Bumbling Mayor de Blasio Blames Fog, Fatigue for Tardiness to Memorial Service
From the “You Can’t Make This Stuff Up” Department…
On Thursday, New York City marked another somber anniversary. This time, it was about remembering the lives lost from the crash of American Airlines Flight 587 thirteen years ago that killed 265 people, including five on the ground. It is the second deadliest aviation crash involving an Airbus A300 in history. Since it happened shortly after 9/11, it often gets overlooked on a national media, but is covered every year by local NYC affiliates.

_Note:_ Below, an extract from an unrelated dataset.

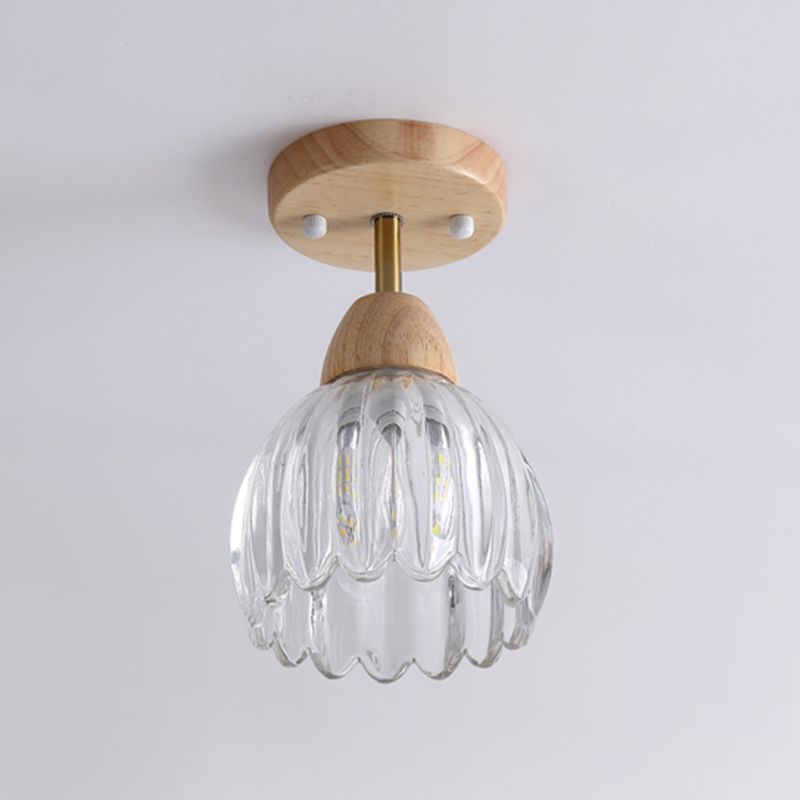Japanese Style Ceiling Lamp Circle Shape Ceiling Light with Glass Shade for Living Room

So you can only imagine the reaction when New York City Mayor Bill de Blasio showed up late for a moment of silence to mark the exact time (9:16 AM) the plane crashed.

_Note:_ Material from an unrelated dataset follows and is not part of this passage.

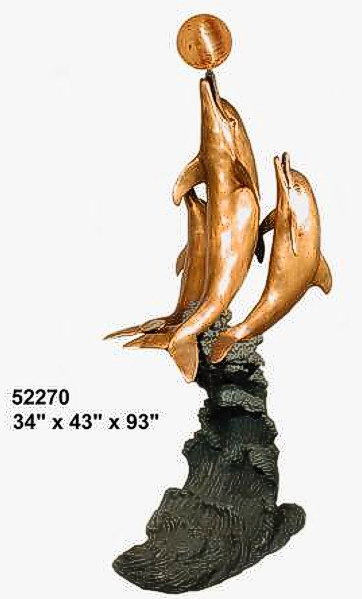 Bronze Jumping Dolphin Fountain Statue - AF 52270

Miriam Estrella lost five family members that day and was responsible for ringing the bell signifying the moment of silence. When 9:16 AM came, the mayor was nowhere to be found.
“They kept telling us, ‘Wait, he’s coming. He’s coming,’ and I said, no, we’re not waiting. We’re not going to wait for him for a moment of silence. It happened at a certain time. That’s the time that we have to toll the bells,” Estrella said.
So she went ahead and rang the bells anyway. Good for her.
What was Mr. de Blasio’s excuse? Hope you’re not eating or have any sharp objects around. Most of all, be sure to be sitting down. After blaming fog for hampering travel, he offered up this doozy:
“I was just not feeling well this morning. I had a very rough night. I woke up sluggish, and I should have gotten myself moving quicker…just woke up in the middle of the night and couldn’t get back to sleep and I felt really sluggish and off-kilter this morning.”
Well, when you put it that way…
“Everyone has had a rough night, but you have to do your job the right way,” Estrella said to him directly in response. Good for her again.
Bill de Blasio came into office by capturing 73 percent of the vote one year ago. He comes from the Elizabeth Warren wing of the Democratic Party and is soundly principled in that regard; he’s a hard-core liberal and proud of it, which is hard to find these days. The 53-year-old NYU graduate has even evaluated himself as a national voice (when no one else has), writing the following in the Huffington Post following his party’s decimation last week:
“This year, too many Democratic candidates lost sight of…core principles – opting instead to clip their progressive wings in deference to a conventional wisdom that says bold ideas aren’t politically practical. … Bold, progressive ideas win elections.”
But for de Blasio to be lecturing anyone on how to go about governing is laughable in the eyes of even some the New Yorkers who voted for him. He may have captured 73 percent of the vote, but the bloom fell off the rose too soon thereafter via a series of missteps you can read about in a previous column here. Just four months after being elected in the aforementioned landslide, his approval rating fell to just 45 percent (Quinnipiac) and has stayed around the level since.
Bill de Blasio was late to a memorial service. Not the end of the world.
But instead of simply apologizing and begging for forgiveness, he offered up the kind of lame excuses a 7th grader does when late for class. A local CBS affiliate interviewed New Yorkers shortly thereafter:
“Rude.” “Disrespectful.” “Insulting.” Those were three ways to describe New York’s 109th Mayor’s actions yesterday morning. And those were the ones fit for print.
Yup, you really can’t make this stuff up.